Appreciate everyone's input! BTW, though Horatio Caine apparently does adhere to the correct procedure, you are quite correct about Hollywood's portrayal of gunhandling techniques. I have no illusions about what I see on TV and in the movies. It's just entertainment and quite often it's not even that.

And as far as the gun school jargon goes, _keep the lingo coming!_


----------



## Mike Barham (Mar 30, 2006)

Wyatt said:


> I will concentrate on this at the range. Usually I've been lazy in this regard. For instance, when shooting at frontal silhouettes I would come up on target, slip my finger in but then take my time aiming and what not before getting the shot off. While this may be OK at the range it is probably not the best training for a real life situation. I look forward to my next range session because now I have something to work on. Commit to shoot and only then enter the guard and proceed directly to the shot.


One good way to practice this without going through the whole draw stroke (prohibited by many ranges) was suggested recently by the very knowledgeable member *milquetoast*. Start at Low Ready (or whatever depressed ready stance you like) with finger in register. _Smoothly_ - not necessarily quickly - bring the pistol to eye level, clicking off the safety (if any) as the hands begin to ascend. As the hands move from the Low Ready to the firing position, the finger finds the trigger.

You may "prep" the trigger if you choose and if the gun requires it (like a Glock). By the time the eye acquires the front sight, both shooter and gun should be fully ready to fire - safeties disengaged, trigger prepped, gun in a complete and proper firing grip, body and arms positioned to manage the shot.

Do this at home about a thousand times, then do it at the range.

Make very sure when practicing the draw stroke that two things happen:

1. The hands "clap" together well below eye level. This will give you maximum time to establish a proper two-hand grip and stance before the gun reaches eye level. _Most of the work of a smooth and fast draw-and-hit sequence is done well before the gun reaches eye level._
2. The finger doesn't enter the trigger guard until *after* the hands "clap" together.


----------



## Wyatt (Jan 29, 2008)

That sounds like a great drill and xlnt point about being able to practice this at home!!

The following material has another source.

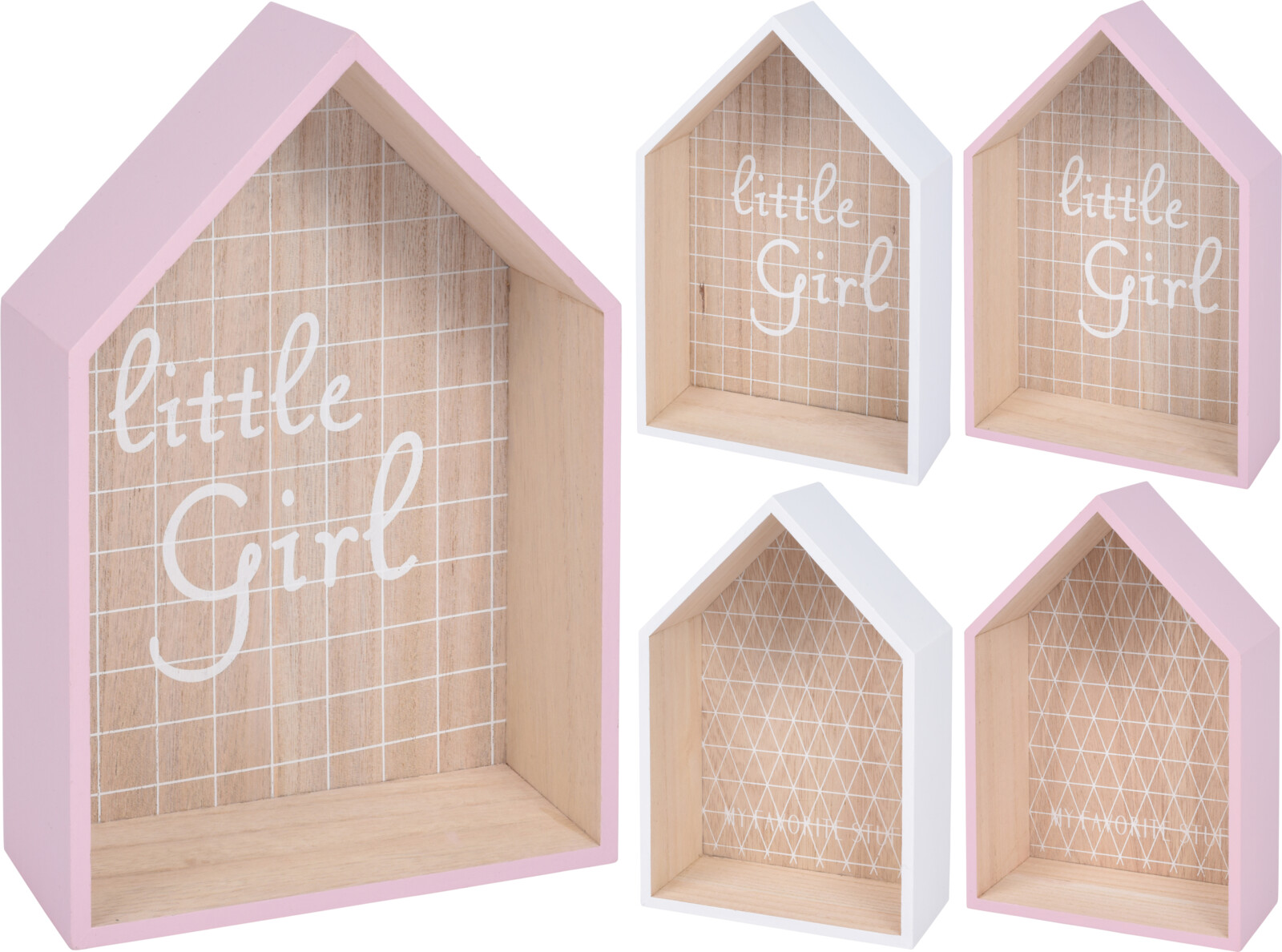 DECO MURALE MAISON 2PCS DECO MURALE MAISON 2PCS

Quick question, you mentioned that in the draw stroke you find the trigger in step 4 of a 5 step draw; and when coming up from the low ready you find the trigger as the gun moves towards eye level. This means that you are talking about situations where you have made the decision, while it is in one of these positions (ie in the holster or at LR), that you are actually going to discharge the weapon at the threat given that you should not enter the guard otherwise, right? From the discussion so far, my understanding is if I'm bringing the gun up for presentation, i.e. hold at gunpoint, then I should not be accessing the trigger. I ask because in the most likely HD scenario for me, I will not be making the decision to shoot from the leather or low ready. My plan is to be in wait mode in the bedroom, so I will likely have gun trained on doorway/staircase. I will now be practicing shooting from this position _with my finger outside the guard._

Also, at my range (indoor) they indeed do not allow working from the holster unless they have specifically cordoned off part of the facility for a class or other training for that purpose. Each stall also has an ammo/gun tray across it, at the limit line, so working from the low ready is probably not advisable either. What are your thoughts about the "medium ready" where the firearm is held in two hands at about chest level with the elbows bent so the gun is into the chest with the barrel angled down? From this position you only have to push out to extension and bring the gun up from chest to eye level. I can definitely practice from this position at the range but wanted your thoughts on it. I don't hear too much about this middle position (that's what one guy called it). It seems like it has certain advantages but I wonder what you guys think.


----------



## Liko81 (Nov 21, 2007)

Rule 3: Keep your finger off the trigger until your target is sighted and you wish to fire at it. Simple. Your finger goes in the trigger guard when, and only when, you are about to send lead towards the target.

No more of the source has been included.